**Aim of the task**. Would you print out all of the data exactly and keep the pictures out of it?

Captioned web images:
....................
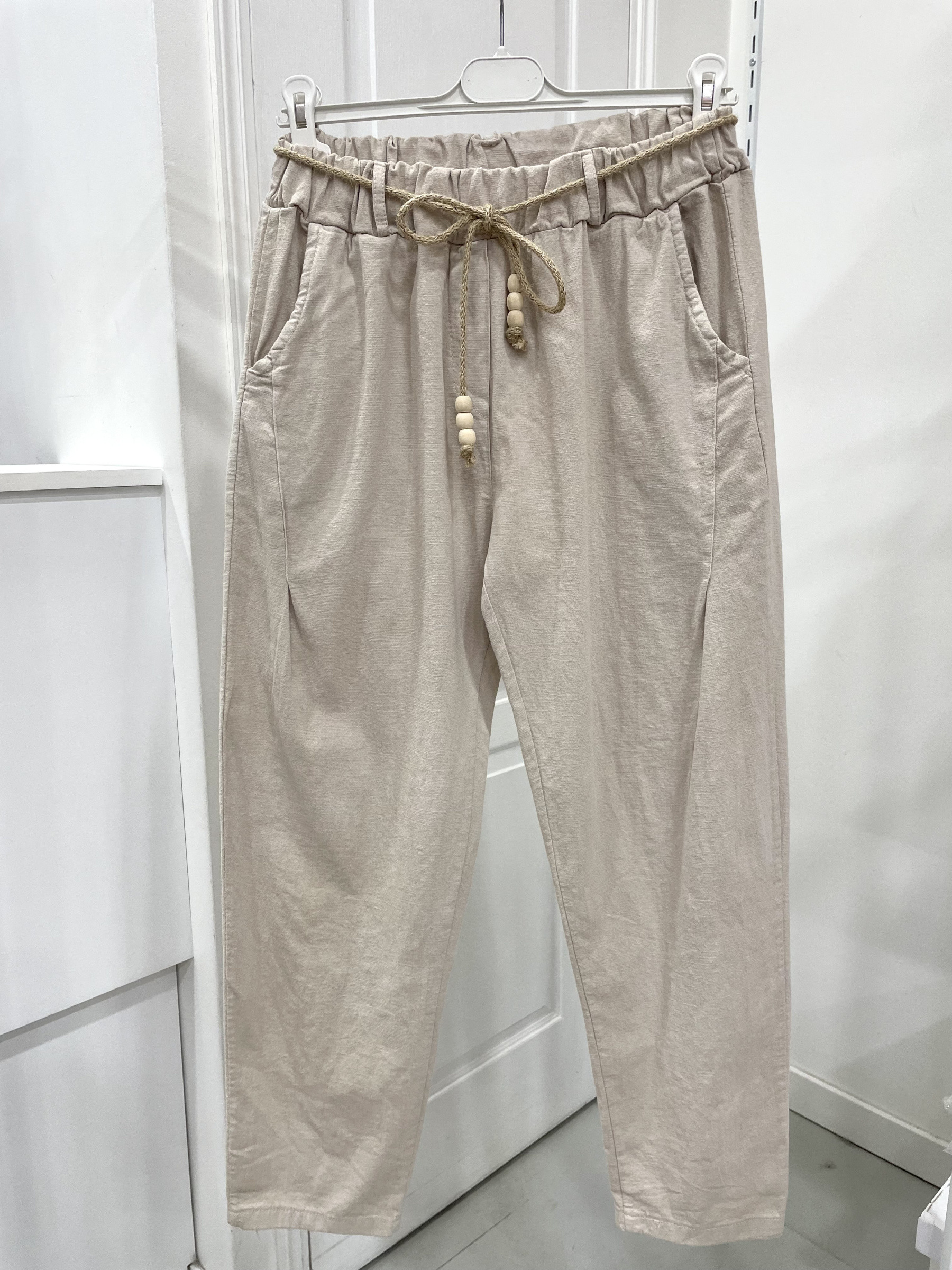 Grossista NOS - Pantaloni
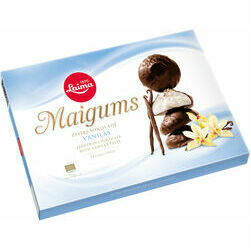 zefirs-mini-maigums-vanilas-185g-laima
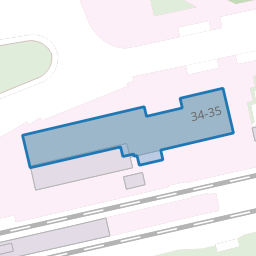 Perceel OMN01-H-7570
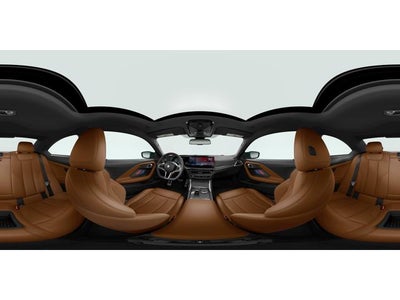 2027 BMW M240i M240i xDrive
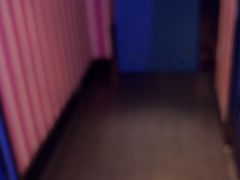 -魅力派对量贩式KTV(新塘店)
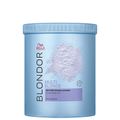 Wella Professionals Blondor - Descolorante em Pó Dust Free 800g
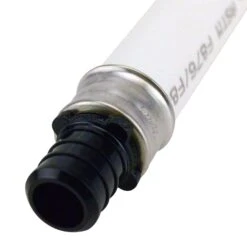 Apollo® Apollo 3/4 In. PEX Barb In To X 3/4 In. D Barb Plastic Coupling -ACE Shop cb8ef9f4 ee23 44f6 8217 51c55be263b9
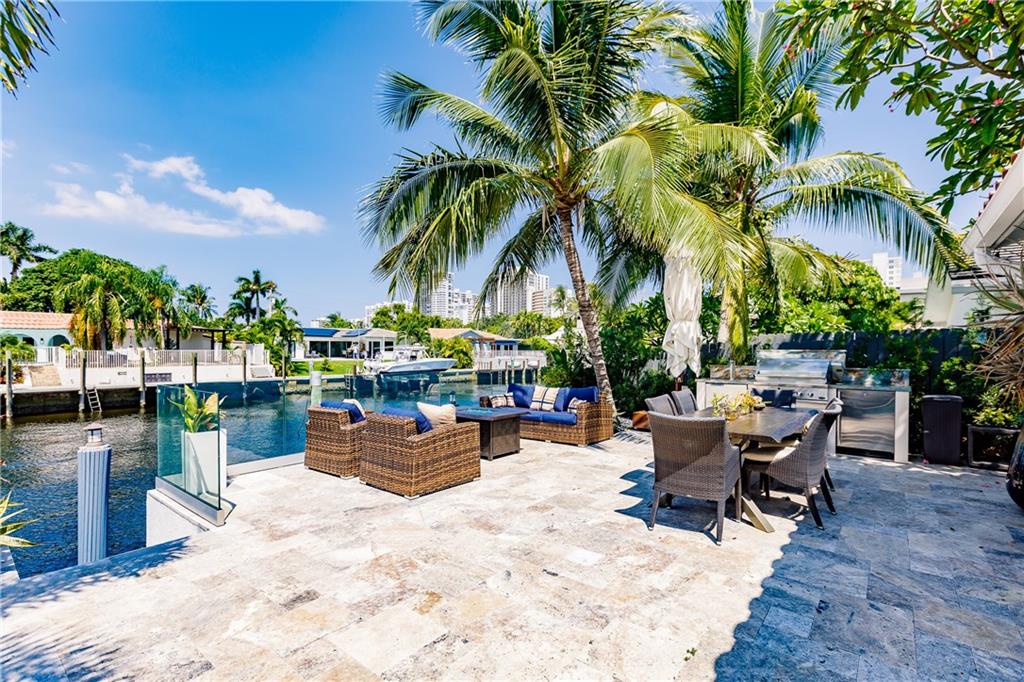 Bermuda-Riviera Sub Of Ga - Residential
....................
**Finished task**.
 Grossista NOS - Pantaloni
 zefirs-mini-maigums-vanilas-185g-laima
 Perceel OMN01-H-7570
 2027 BMW M240i M240i xDrive
 -魅力派对量贩式KTV(新塘店)
 Wella Professionals Blondor - Descolorante em Pó Dust Free 800g
 Apollo® Apollo 3/4 In. PEX Barb In To X 3/4 In. D Barb Plastic Coupling -ACE Shop cb8ef9f4 ee23 44f6 8217 51c55be263b9
 Bermuda-Riviera Sub Of Ga - Residential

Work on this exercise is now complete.